Central Iowa Business Leaders of 2006: Bill Van Orsdel
You can’t miss Bill Van Orsdel’s signature project. West Glen Town Center grabs you by the sleeve as you make your trips to the megamall down the street, Jordan Creek Town Center, and holds your attention whenever you pull in.
Finding his downtown office, that’s more of a challenge. If West Glen is a searchlight slicing through a night sky, Van Orsdel’s retreat is a penlight. With old batteries. Hidden away on the second floor of a modest entrance in a building that’s mainly a warehouse, it’s not where you would expect to find one of Central Iowa’s wealthy movers and shakers.
“It’s perfect. It’s 180 degrees from what people imagine me in,” Van Orsdel said. “It’s off the beaten path, so it’s hard for people to find me.”
You might think a deal-maker would want people to find him, but at the age of 62, Van Orsdel has all the business network a person could need.
The Business Record is honoring the former insurance executive as one of the Central Iowa Business Leaders of 2006 for his leadership in the development of West Glen and in recognition of his remarkable leap from one industry into another.
It was an unplanned leap, according to Van Orsdel.
He and Gary Kirke, friends since eighth grade, made a huge success of the Kirke-VanOrsdel Inc. insurance brokerage and sold it in 1998. At that point, Van Orsdel’s plan was to manage his sizable portfolio of investments.
One of those investments became the West Glen you see today. Van Orsdel was part of a group that developed the Glen Oaks residential neighborhood, and the West Glen site was leftover land. “We always felt the location was superb,” he said. “We knew the Department of Transportation would put an interchange there someday.”
But he didn’t expect to become consumed by the planning and construction of a multi-building commercial development. “When I became the day-to-day manager of West Glen, it evolved into an unplanned, full-time responsibility,” Van Orsdel said.
“It has taken a lot more time than I expected,” he said, and he doesn’t expect construction to be complete until 2009. It might take even longer.
There’s more to keep him busy, besides the financial news streaming across the television next to his desk.
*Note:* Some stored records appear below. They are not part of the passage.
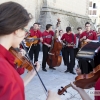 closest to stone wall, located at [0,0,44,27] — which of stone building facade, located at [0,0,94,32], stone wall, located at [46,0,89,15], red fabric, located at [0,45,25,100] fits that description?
stone building facade, located at [0,0,94,32]

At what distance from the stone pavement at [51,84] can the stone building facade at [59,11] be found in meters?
5.54

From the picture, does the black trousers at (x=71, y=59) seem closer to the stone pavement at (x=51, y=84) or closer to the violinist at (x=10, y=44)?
the stone pavement at (x=51, y=84)

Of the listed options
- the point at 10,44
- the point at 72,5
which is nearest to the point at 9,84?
the point at 10,44

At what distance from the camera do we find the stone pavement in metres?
4.27

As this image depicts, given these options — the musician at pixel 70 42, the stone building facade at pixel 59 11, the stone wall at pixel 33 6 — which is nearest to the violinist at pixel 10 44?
the musician at pixel 70 42

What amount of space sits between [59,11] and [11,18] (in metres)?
16.0

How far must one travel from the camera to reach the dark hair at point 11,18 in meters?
1.05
He’s a silent partner in an East Village project and also is involved in a retail center and an affordable housing center in Colorado.
So is he officially a real estate developer now? “It looks like that’s where I’m headed,” he said. “I’ve got to continue to work; it’s one thing that keeps me going.”
“He’s always been a driven man,” Kirke said. “When he was a linebacker at Roosevelt High School, he was a hard-charging guy with a lot of energy. When we sold KVI, we were relatively young. I’d go crazy if I retired, and Bill is the same way.”
Kirke was in the insurance industry in Chicago and Van Orsdel was working at a stock brokerage in Washington, D.C., when they got together at a D.C. pub one day. “He said he was interested in the opportunity to make a lot of money, and I told him I was getting into a new area of insurance and wanted somebody without an insurance background to go in with me.”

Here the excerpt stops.